- _AIM OF THE EXERCISE_
Without including any image, repeat every record exactly.

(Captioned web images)
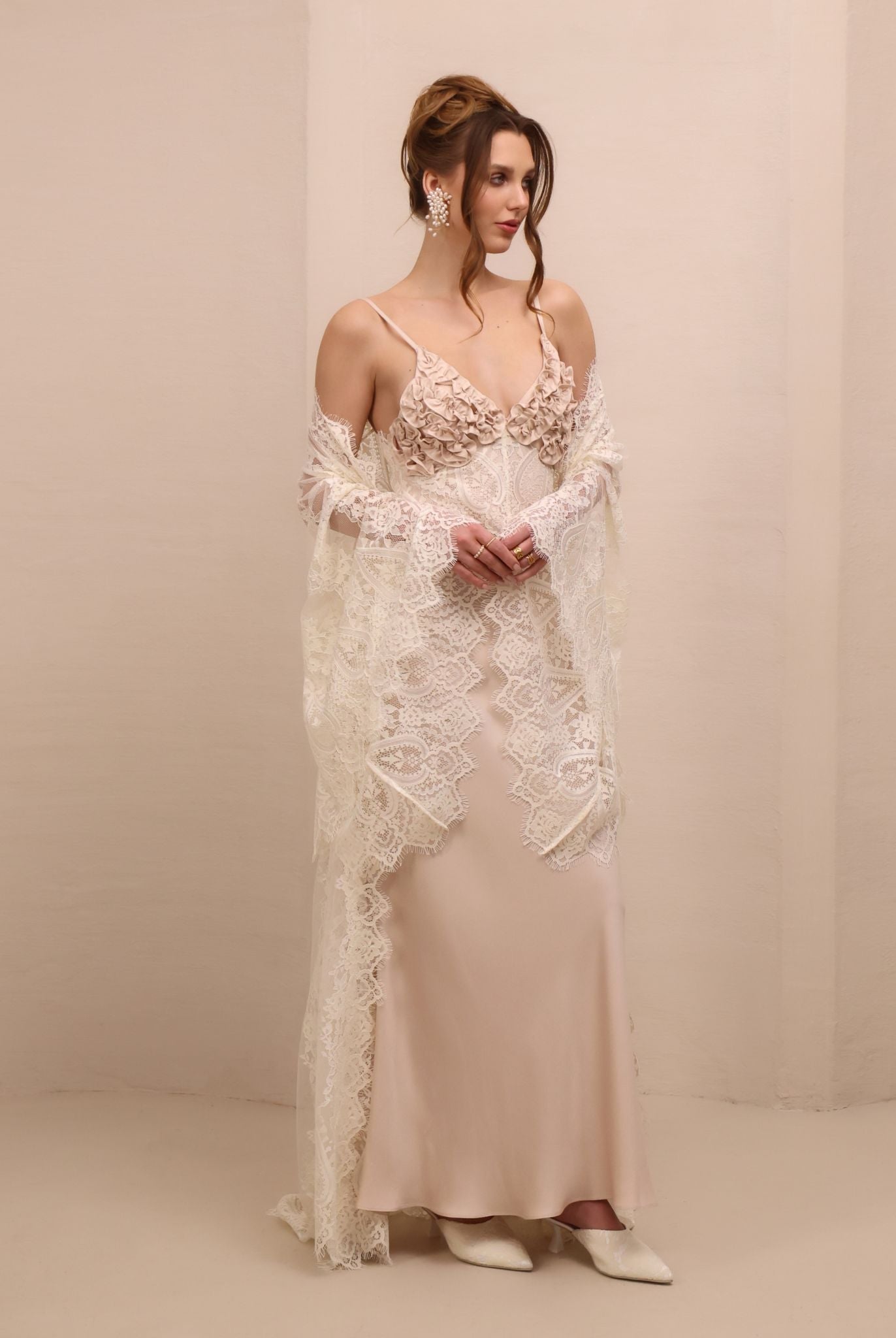 A shot of the ensemble with the robe draped over the shoulders, highlighting the sheer lace and romantic allure.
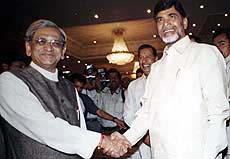 Chief Minister of Karnataka S.M. Krishna with his Andhra Pradesh counterpart N. Chandrababu Naidu at a regional roundtable on Information and Communications Technology (ICT) in Bangalore on Tuesday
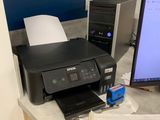 a computer and a printer on a desk in a room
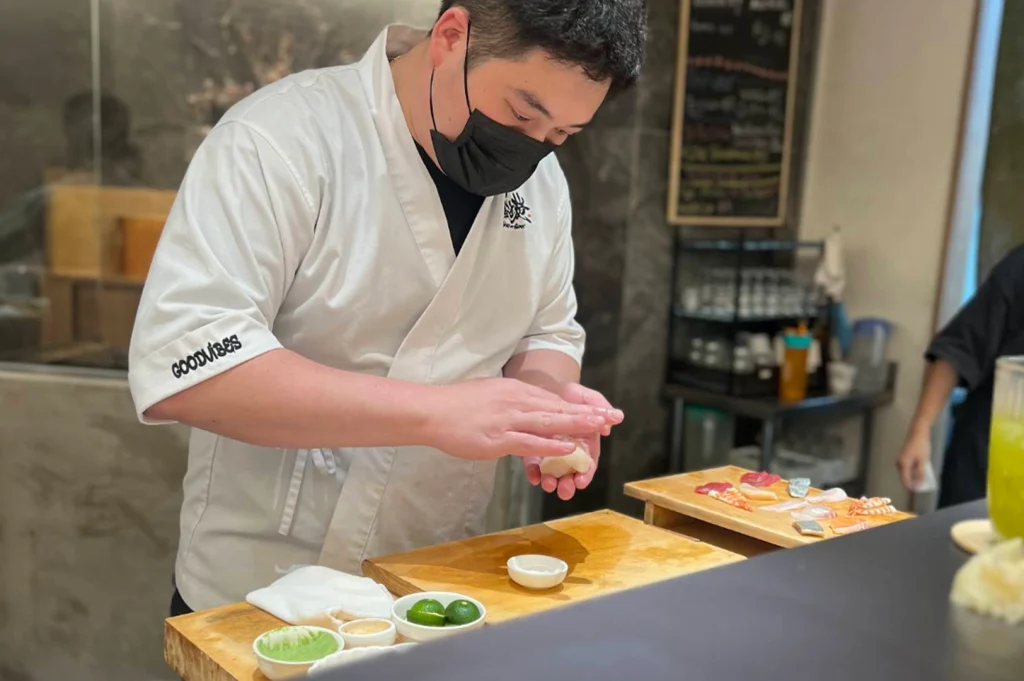 An eye-level action shot captures a Japanese sushi chef wearing a white jacket with "GOODVIBES" embroidered on the sleeve and a black face mask as he gently shapes a piece of nigiri with both hands. His wooden prep station features a platter of sliced fresh raw fish, small seasoning dishes containing wasabi and sudachi limes, and a wooden cutting board set against a modern restaurant kitchen backdrop.
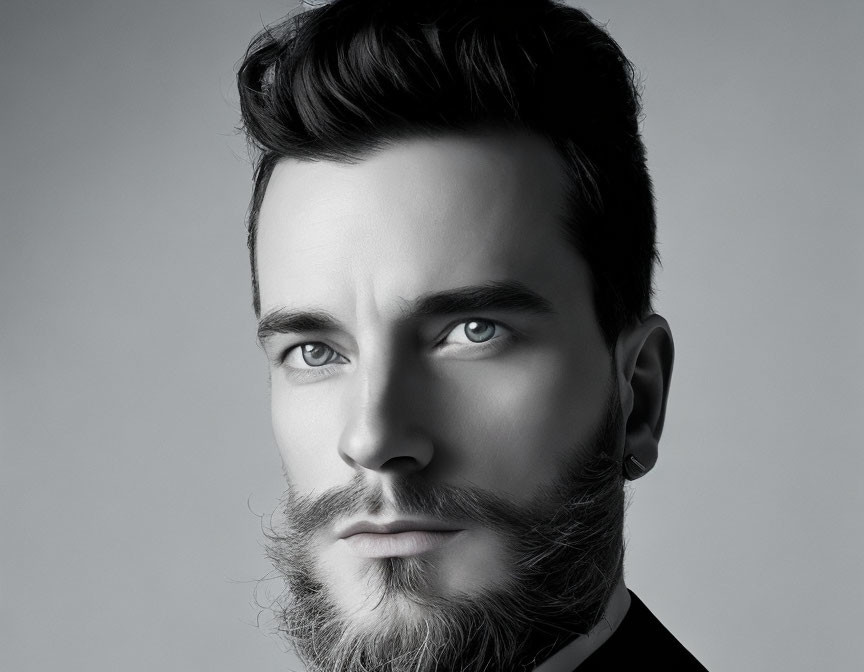 Stylish monochrome portrait of man with beard and intense gaze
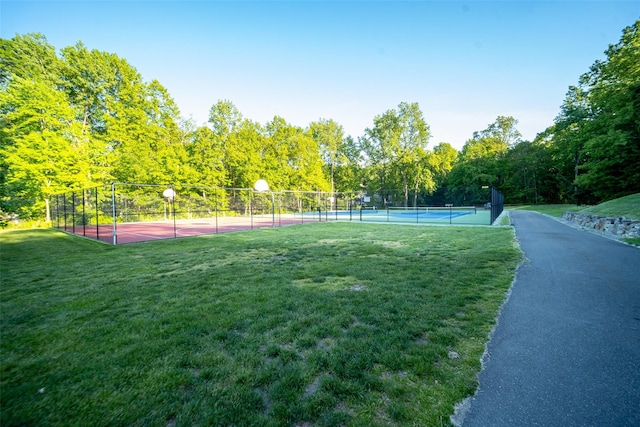 view of sport court with basketball court and a yard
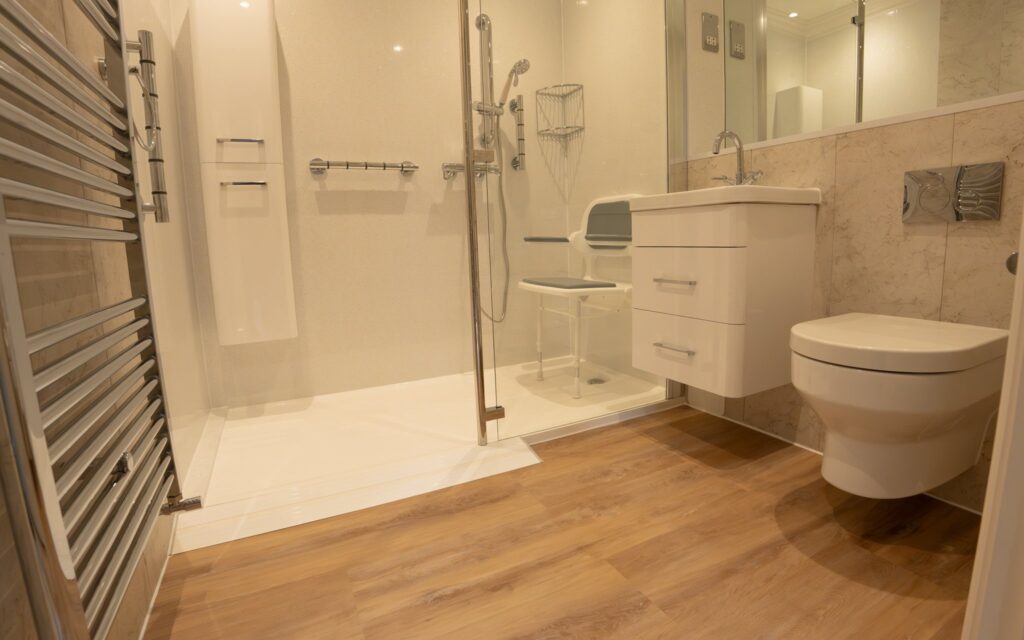 Maya's new walk-in shower with its low entry, glass screen and fold-down seat, with the retained heated towel rail nearby.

- _WRITTEN SOLUTION_
 A shot of the ensemble with the robe draped over the shoulders, highlighting the sheer lace and romantic allure.
 Chief Minister of Karnataka S.M. Krishna with his Andhra Pradesh counterpart N. Chandrababu Naidu at a regional roundtable on Information and Communications Technology (ICT) in Bangalore on Tuesday
 a computer and a printer on a desk in a room
 An eye-level action shot captures a Japanese sushi chef wearing a white jacket with "GOODVIBES" embroidered on the sleeve and a black face mask as he gently shapes a piece of nigiri with both hands. His wooden prep station features a platter of sliced fresh raw fish, small seasoning dishes containing wasabi and sudachi limes, and a wooden cutting board set against a modern restaurant kitchen backdrop.
 Stylish monochrome portrait of man with beard and intense gaze
 view of sport court with basketball court and a yard
 Maya's new walk-in shower with its low entry, glass screen and fold-down seat, with the retained heated towel rail nearby.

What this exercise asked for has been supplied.